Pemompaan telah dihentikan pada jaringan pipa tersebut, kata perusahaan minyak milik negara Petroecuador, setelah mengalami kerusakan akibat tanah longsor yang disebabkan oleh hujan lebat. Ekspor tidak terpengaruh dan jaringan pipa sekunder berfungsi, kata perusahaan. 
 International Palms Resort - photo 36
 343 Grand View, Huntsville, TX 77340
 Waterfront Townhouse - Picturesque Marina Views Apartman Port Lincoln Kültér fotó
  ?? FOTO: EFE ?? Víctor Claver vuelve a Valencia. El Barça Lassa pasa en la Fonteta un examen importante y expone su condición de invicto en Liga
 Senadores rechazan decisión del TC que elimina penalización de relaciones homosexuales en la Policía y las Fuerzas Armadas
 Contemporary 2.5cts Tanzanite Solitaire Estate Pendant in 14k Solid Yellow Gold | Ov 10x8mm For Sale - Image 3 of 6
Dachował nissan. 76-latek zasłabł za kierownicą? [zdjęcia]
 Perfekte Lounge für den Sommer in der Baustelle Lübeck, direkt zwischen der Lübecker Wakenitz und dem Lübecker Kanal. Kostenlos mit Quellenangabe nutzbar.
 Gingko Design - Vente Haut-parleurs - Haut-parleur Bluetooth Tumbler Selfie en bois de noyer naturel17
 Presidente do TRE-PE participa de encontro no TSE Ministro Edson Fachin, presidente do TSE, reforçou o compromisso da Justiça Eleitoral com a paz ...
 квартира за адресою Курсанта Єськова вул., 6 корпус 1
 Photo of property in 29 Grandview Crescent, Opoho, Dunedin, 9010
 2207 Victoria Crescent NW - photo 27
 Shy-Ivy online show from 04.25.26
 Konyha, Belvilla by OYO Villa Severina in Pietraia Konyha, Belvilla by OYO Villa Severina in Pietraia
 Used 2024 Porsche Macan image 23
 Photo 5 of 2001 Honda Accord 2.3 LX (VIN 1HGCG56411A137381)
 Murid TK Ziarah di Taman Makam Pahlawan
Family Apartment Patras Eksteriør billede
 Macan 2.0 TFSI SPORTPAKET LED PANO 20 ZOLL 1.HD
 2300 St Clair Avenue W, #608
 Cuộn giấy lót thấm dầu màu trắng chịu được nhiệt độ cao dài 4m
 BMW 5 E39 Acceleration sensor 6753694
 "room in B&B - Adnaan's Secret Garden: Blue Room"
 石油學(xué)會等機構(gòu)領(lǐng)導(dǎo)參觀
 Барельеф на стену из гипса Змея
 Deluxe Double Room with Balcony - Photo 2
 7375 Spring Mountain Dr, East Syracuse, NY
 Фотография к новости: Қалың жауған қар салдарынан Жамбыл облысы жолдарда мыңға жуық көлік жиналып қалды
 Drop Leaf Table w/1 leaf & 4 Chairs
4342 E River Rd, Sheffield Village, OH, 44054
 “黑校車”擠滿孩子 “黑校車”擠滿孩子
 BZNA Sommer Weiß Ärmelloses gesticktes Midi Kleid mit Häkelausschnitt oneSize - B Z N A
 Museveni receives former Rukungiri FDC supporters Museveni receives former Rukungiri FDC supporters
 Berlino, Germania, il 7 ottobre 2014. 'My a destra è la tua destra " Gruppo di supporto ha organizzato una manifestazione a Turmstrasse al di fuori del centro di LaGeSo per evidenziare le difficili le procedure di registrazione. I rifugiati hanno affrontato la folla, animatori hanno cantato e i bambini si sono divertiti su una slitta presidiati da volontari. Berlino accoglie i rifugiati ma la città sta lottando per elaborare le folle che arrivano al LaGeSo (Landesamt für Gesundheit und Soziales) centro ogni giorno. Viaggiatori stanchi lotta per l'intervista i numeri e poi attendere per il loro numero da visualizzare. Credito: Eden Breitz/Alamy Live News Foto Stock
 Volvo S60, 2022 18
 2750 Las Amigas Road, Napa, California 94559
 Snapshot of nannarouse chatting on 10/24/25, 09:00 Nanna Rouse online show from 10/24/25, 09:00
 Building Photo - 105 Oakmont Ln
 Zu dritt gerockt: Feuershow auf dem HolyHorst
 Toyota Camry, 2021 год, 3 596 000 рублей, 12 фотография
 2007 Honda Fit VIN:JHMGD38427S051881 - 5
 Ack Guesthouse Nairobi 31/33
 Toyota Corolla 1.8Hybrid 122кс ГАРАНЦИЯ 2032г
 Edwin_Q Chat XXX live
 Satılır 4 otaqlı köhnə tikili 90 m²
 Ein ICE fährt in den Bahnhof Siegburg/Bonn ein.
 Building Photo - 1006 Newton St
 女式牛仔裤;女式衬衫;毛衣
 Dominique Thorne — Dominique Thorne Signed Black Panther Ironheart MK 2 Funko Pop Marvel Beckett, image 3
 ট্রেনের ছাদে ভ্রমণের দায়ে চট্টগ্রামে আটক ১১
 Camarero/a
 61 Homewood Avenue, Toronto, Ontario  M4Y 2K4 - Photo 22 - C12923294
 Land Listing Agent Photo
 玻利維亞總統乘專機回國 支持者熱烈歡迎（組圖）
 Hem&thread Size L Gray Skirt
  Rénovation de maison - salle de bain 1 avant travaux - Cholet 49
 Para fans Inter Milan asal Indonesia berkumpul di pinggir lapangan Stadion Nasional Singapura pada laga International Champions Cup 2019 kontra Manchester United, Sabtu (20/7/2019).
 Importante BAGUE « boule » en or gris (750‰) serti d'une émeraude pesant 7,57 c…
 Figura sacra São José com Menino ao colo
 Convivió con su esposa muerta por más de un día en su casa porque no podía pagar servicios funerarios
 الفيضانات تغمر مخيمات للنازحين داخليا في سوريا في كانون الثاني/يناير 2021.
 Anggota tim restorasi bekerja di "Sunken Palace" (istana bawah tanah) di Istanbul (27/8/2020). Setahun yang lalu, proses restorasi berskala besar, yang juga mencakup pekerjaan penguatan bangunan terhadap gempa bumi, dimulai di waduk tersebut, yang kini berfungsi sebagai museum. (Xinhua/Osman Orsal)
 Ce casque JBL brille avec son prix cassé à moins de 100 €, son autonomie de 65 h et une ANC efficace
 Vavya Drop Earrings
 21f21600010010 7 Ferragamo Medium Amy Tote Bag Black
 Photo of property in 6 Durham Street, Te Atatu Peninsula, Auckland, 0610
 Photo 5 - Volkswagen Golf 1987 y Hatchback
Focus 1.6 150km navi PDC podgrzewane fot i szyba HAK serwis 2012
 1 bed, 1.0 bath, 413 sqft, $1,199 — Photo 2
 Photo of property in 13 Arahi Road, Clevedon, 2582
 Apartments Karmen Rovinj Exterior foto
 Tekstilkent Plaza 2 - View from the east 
....
### EXERCISE PROMPT
Above are some records; copy exactly the lines from the one with "343 Grand View, Huntsville, TX 77340" through the one with "Senadores rechazan decisión", both included, and no others.

### RESPONSE TO THE TASK
 343 Grand View, Huntsville, TX 77340
 Waterfront Townhouse - Picturesque Marina Views Apartman Port Lincoln Kültér fotó
  ?? FOTO: EFE ?? Víctor Claver vuelve a Valencia. El Barça Lassa pasa en la Fonteta un examen importante y expone su condición de invicto en Liga
 Senadores rechazan decisión del TC que elimina penalización de relaciones homosexuales en la Policía y las Fuerzas Armadas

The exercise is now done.